→ **Problem requirements**: Go to the line holding "Stormy Porthcawl Picture" in the entries below and write out exactly every line down to and including the line holding "CHENISTORY Dropshipping DIY".

→ **Dataset excerpts**:

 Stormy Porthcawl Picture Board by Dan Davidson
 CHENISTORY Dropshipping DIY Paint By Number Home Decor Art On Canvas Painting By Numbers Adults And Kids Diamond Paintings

* * *

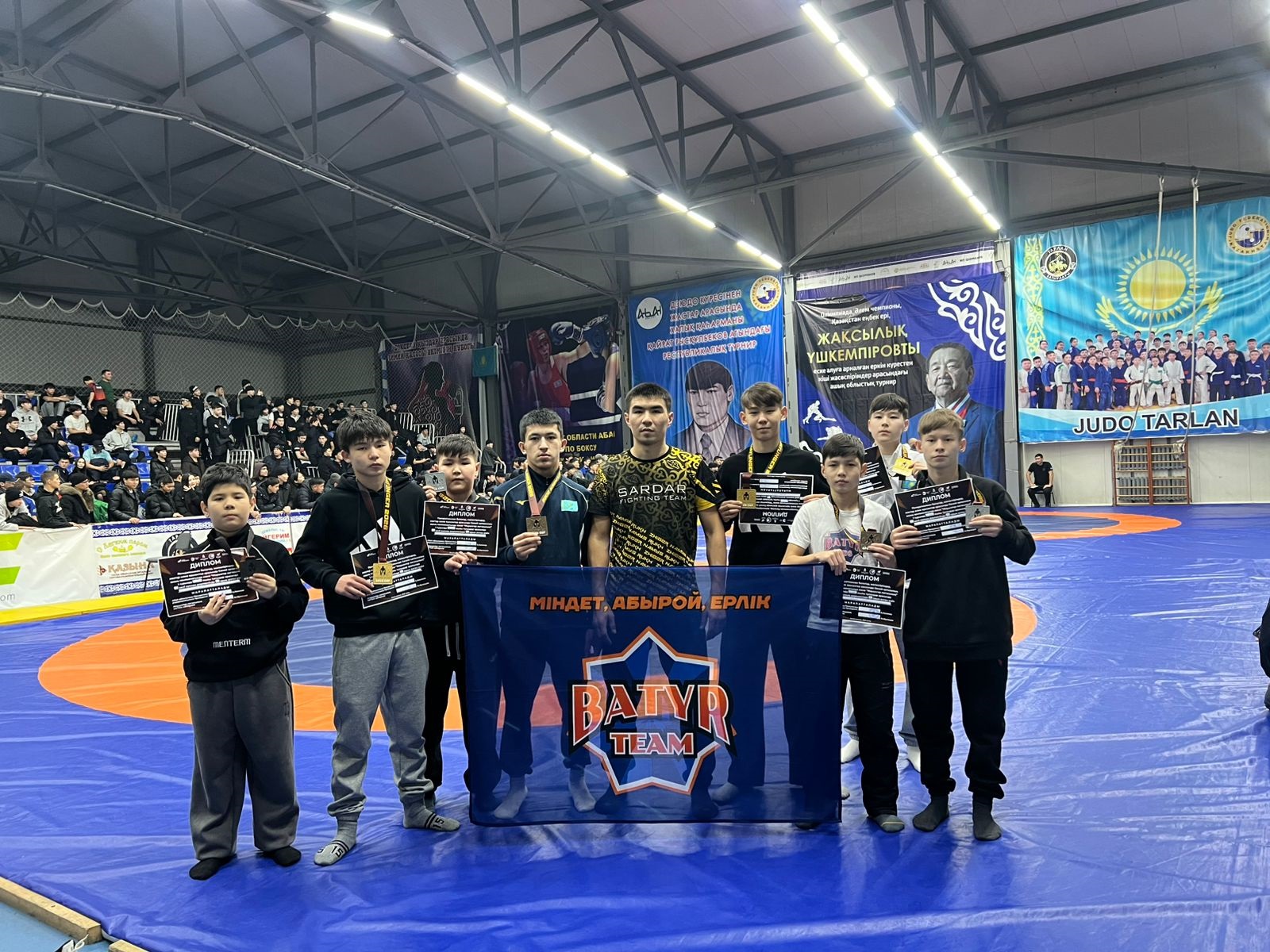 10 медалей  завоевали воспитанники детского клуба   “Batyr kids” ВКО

→ **Response box**:
 Stormy Porthcawl Picture Board by Dan Davidson
 CHENISTORY Dropshipping DIY Paint By Number Home Decor Art On Canvas Painting By Numbers Adults And Kids Diamond Paintings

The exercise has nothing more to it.